**Given entries**
↓↓↓

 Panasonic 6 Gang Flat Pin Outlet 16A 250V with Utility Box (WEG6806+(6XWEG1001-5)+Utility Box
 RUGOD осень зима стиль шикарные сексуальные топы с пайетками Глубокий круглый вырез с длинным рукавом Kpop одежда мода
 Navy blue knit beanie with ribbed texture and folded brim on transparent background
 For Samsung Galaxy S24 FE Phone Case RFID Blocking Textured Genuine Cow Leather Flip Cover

↑↑↑
↓↓↓

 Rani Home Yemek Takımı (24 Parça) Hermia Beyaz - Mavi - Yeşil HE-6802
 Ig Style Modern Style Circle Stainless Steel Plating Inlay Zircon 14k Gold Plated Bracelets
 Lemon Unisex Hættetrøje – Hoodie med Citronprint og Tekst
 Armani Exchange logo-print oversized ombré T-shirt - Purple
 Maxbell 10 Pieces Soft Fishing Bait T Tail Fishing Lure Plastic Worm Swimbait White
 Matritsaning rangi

↑↑↑
↓↓↓

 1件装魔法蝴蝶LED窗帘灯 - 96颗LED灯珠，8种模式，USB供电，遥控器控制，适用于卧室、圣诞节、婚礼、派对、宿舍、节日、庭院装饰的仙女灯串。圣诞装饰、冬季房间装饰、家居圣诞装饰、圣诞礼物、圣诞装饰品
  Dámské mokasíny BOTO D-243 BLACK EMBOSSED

↑↑↑

**Requirement**
Of the entries listed above, reproduce only the lines starting at the line containing "RUGOD осень зима" and ending at the line containing "Navy blue knit". Include both, exactly as they stand.

**Solution**
 RUGOD осень зима стиль шикарные сексуальные топы с пайетками Глубокий круглый вырез с длинным рукавом Kpop одежда мода
 Navy blue knit beanie with ribbed texture and folded brim on transparent background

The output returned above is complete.